Nikitin dijo que el objetivo de estas medidas es intimidar a los activistas contra la guerra.

«La única explicación es que quieren asustar a todo el mundo», afirmó. “Porque si no puedes firmar una carta contra la guerra, entonces realmente no hay nada que puedas hacer. Y tiene un efecto escalofriante”.

«La cuestión es que los rusos pacifistas no están protestando aquí contra nadie en Serbia», dijo Nikitin. «Sólo nos preocupa nuestro propio país y nuestro país vecino, que en este momento está sufriendo por nuestro país».

Las estrechas relaciones de Serbia con Rusia se remontan a siglos atrás y los dos países también comparten un origen eslavo común y una religión cristiana ortodoxa. Rusia ha apoyado el intento de Serbia de mantener su reclamo sobre Kosovo, una antigua provincia que declaró su independencia en 2008 con respaldo occidental.

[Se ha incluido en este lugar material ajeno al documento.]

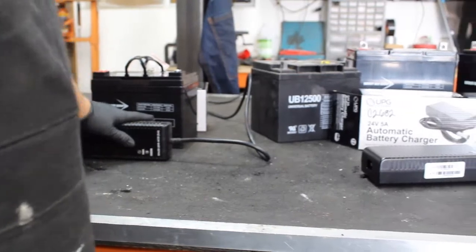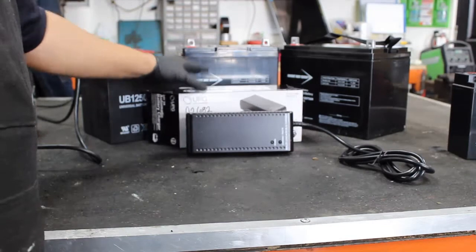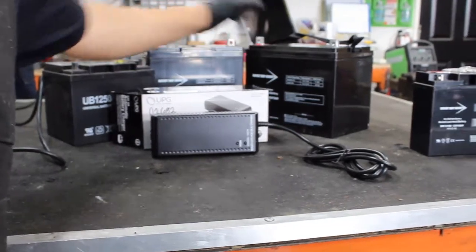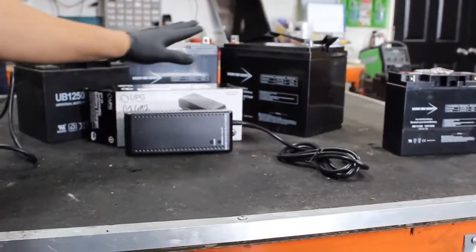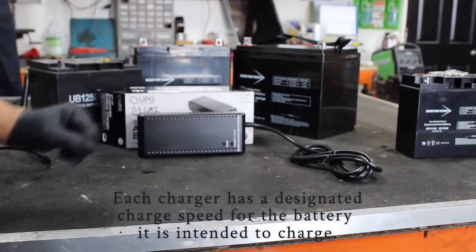Now we're going to a larger charger. This charger is meant for a very large battery — the 1250, 1255, and 1275. This charger is meant for those. That will charge it a little faster, but it's meant for that speed.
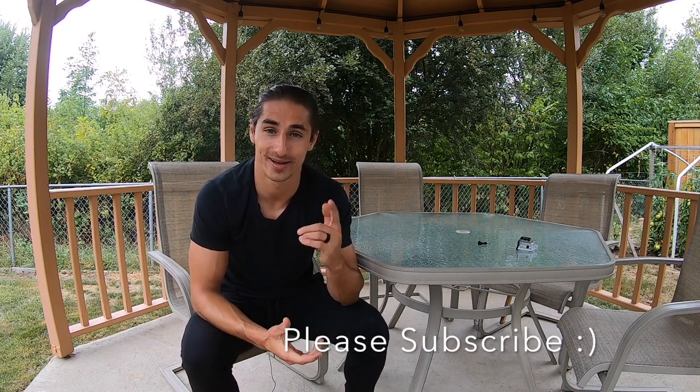Well guys, thanks for watching. Please like, comment, and subscribe if you like spearfishing, freediving, and you're just an adventurous person. Also let me know if there's something I missed that I did not include on my checklist — I'll make sure to throw it on there or include it in my kit. Other than that, hope you guys have an amazing day. See you in the next video.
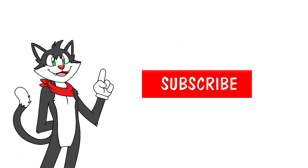But first, if you want to learn to draw the fast and easy way, make sure you subscribe to the channel and ring that bell. Let's begin!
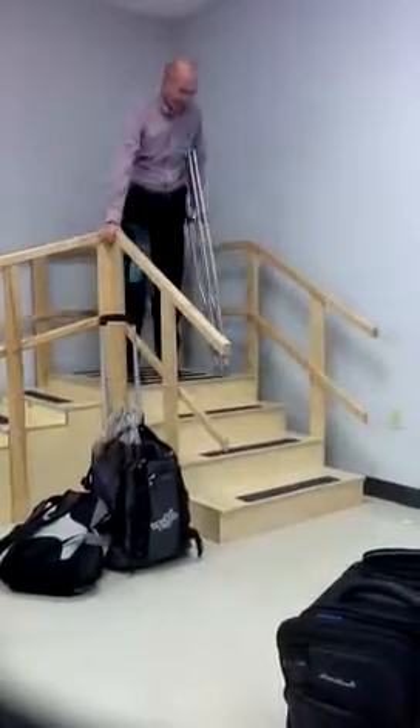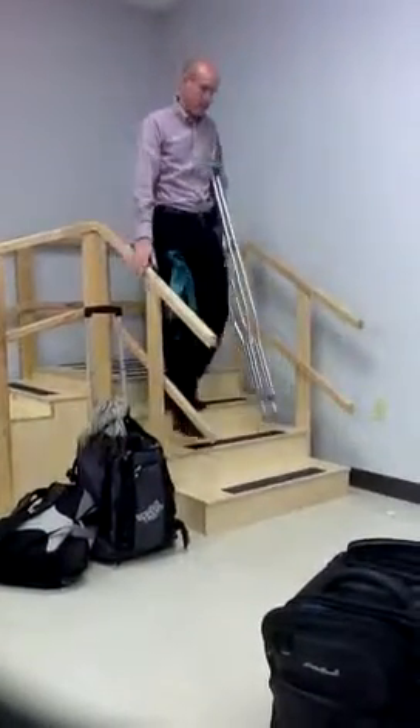Same thing going down — down with the affected limb first.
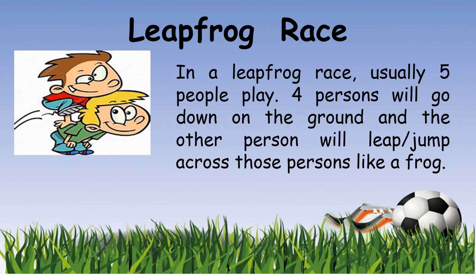The person who is jumping has to jump over all four persons until they reach the front. Then the person at the back will jump them. So each one of them will get a turn to play this leapfrog race until they reach the end.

Serbia y Rusia también mantienen estrechos vínculos entre sus servicios de seguridad.

El ex jefe de seguridad del Estado serbio, Aleksandar Vulin, que fue sancionado por Estados Unidos por ayudar a la influencia “maligna” de Rusia en la región de los Balcanes, recibió recientemente una condecoración del Servicio Federal de Seguridad de Rusia por la estrecha cooperación entre las dos agencias de espionaje. Se informó que Vulin estuvo involucrado en escuchas telefónicas de destacados activistas de la oposición rusa que se reunieron en Belgrado en vísperas de la guerra en Ucrania y que luego fueron encarcelados en Rusia.

Para Koposova, la decisión de las autoridades serbias de expulsarla del país significa que ella y su familia podrían perderlo todo si se rechaza su apelación.

La familia no puede regresar a Rusia porque han vendido todas sus propiedades, ahora están etiquetados como anti-Putin y su marido podría ser reclutado en el ejército para luchar en Ucrania, dijo Koposova.

“Esta casa es nuestra única casa, la única casa que tienen nuestros hijos”, dijo con lágrimas en los ojos.